Scraped caption text data
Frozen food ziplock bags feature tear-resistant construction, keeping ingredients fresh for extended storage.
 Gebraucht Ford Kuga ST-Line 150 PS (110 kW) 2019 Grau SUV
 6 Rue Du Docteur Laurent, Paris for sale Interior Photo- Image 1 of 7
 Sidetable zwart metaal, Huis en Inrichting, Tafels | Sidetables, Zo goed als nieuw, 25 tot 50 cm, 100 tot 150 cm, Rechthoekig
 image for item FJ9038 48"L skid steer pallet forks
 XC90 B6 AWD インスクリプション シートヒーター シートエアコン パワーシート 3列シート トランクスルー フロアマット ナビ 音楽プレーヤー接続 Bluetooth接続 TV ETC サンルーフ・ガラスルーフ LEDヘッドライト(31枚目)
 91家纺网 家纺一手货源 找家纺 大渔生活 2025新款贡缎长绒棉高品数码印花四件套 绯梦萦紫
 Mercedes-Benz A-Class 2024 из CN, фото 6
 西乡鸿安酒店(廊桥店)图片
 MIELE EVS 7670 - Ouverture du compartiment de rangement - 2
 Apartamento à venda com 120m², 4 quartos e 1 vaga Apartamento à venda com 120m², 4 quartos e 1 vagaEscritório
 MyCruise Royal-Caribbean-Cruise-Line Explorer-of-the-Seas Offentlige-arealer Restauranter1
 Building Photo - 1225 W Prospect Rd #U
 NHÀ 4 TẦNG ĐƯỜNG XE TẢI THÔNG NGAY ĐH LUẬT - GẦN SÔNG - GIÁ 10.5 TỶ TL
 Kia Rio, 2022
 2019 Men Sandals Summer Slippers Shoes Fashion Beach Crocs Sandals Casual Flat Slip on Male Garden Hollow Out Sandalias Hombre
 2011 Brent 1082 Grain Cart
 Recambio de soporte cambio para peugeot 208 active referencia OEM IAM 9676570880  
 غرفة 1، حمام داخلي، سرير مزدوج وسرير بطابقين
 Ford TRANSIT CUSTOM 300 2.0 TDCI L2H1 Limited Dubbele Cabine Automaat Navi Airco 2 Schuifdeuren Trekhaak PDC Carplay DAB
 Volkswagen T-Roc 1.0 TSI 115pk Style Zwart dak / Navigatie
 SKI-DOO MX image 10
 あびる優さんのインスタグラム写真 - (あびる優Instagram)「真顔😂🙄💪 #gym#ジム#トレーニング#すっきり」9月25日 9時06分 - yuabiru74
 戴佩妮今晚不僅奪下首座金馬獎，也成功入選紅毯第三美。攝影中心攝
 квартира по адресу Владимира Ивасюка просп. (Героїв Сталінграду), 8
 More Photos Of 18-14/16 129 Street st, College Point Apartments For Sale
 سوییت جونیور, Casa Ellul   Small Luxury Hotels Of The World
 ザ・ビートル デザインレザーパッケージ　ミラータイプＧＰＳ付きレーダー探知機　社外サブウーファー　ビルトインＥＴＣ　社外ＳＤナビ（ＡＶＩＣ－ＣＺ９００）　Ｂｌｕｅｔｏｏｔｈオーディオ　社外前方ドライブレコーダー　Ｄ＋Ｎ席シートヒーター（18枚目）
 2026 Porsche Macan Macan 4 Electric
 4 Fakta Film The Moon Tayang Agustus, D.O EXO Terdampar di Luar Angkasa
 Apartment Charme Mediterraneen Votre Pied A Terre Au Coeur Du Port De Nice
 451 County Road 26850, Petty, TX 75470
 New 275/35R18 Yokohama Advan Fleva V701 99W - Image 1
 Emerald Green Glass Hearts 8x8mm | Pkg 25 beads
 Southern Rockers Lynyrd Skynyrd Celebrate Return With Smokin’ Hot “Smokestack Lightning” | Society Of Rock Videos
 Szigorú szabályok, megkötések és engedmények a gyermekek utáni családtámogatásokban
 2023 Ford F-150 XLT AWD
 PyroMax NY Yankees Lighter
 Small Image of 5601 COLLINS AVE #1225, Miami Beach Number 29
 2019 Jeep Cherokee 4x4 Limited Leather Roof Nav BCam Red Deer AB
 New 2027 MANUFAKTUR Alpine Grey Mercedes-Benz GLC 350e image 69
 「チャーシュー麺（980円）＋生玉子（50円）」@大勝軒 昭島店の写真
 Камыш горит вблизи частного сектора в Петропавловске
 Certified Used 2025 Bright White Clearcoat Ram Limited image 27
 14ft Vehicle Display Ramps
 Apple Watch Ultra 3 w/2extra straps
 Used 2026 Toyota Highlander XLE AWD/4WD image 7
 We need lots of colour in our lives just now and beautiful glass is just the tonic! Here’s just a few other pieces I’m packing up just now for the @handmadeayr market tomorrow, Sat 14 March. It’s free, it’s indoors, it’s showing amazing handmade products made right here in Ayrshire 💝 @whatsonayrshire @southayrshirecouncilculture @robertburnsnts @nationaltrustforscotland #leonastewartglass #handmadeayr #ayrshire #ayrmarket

PROBLEM DESCRIPTION
Give back precisely the lines above that start at the line containing "Gebraucht Ford Kuga" and end at the line containing "image for item", inclusive. No other lines belong in the output.

FINAL ANSWER
 Gebraucht Ford Kuga ST-Line 150 PS (110 kW) 2019 Grau SUV
 6 Rue Du Docteur Laurent, Paris for sale Interior Photo- Image 1 of 7
 Sidetable zwart metaal, Huis en Inrichting, Tafels | Sidetables, Zo goed als nieuw, 25 tot 50 cm, 100 tot 150 cm, Rechthoekig
 image for item FJ9038 48"L skid steer pallet forks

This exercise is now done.